Symbolism, Imagery, Allegory

The Happy Meal

The meeting between the pigs and humans at the end of Animal Farm alludes to the Tehran Conference of 1943 and the beginning of the Cold War.

The Sit-Down Meal

At the end of the novel, the animals peek through a farmhouse window as the pigs explain to the humans that there must have been some misunderstanding. See, they never meant to incite rebellion; their entire goal has been "to live at peace and in normal business relations" (10.27).

A.k.a., the rebellion is dead. "Normal business relations" is code for capitalism—at least, capitalism in relation to the rest of the world. Behind this farmhouse meeting is the Tehran Conference, a November 1943 meeting between the World War II Allied leaders Franklin Roosevelt (U.S.), Winston Churchill (U.K.), and… Dear Leader Stalin himself (U.S.S.R.).

At this point in the war, Stalin's army was looking pretty successful, and the other leaders wanted his help. In exchange, he got them to promise to support his government and also to give him most of eastern Poland. Churchill and Roosevelt decided that Stalin's demands were a small price to pay for winning the war. But plenty of other people in the West—like Orwell—saw it as a sellout at best and a compromise with an evil dictator at worst.

No wonder we end on this line: "The creatures outside looked from pig to man, and from man to pig, and from pig to man again; but already it was impossible to say which was which" (10.32).

That's how we know Animal Farm is more than a simple anti-communist allegory. It's an anti-everything allegory. The pigs and men are identical, and they're both cheating each other: "Napoleon and Mr. Pilkington had each played an ace of spades simultaneously" (10.32).
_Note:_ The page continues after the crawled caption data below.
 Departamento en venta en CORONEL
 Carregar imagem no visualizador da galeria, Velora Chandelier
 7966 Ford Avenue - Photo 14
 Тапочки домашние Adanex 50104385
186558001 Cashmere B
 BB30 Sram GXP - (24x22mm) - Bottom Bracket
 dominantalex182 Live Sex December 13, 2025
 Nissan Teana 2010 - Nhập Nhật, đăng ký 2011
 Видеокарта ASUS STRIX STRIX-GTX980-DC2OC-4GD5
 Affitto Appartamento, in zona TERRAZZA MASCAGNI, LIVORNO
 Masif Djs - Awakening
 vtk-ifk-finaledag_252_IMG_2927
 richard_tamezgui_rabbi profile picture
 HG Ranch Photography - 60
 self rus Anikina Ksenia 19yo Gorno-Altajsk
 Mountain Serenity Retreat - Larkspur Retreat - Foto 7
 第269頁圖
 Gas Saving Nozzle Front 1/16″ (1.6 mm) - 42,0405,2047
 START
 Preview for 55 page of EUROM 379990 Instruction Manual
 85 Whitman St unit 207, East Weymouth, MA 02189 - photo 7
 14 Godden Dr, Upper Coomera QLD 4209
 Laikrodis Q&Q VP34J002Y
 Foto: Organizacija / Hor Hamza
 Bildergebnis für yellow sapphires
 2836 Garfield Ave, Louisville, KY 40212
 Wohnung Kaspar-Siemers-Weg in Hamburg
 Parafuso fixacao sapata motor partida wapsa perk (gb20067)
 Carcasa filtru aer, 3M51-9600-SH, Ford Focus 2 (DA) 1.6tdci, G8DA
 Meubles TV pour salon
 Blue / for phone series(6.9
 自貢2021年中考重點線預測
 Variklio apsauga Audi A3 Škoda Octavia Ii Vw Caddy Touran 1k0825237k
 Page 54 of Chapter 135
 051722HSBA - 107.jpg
The moment that ace of spades hits the table is the allegorical beginning of the Cold War, a decade-long mostly non-military conflict between the U.S.S.R. and the U.S. that was so tense that kids in both countries had nuclear bomb drills at school. (Ask your grandparents.)

In 1941, the leaders the Allied countries were willing to compromise with Stalin. Maybe they even believed he wasn't so bad. But not Orwell. Orwell could see the cards on the table.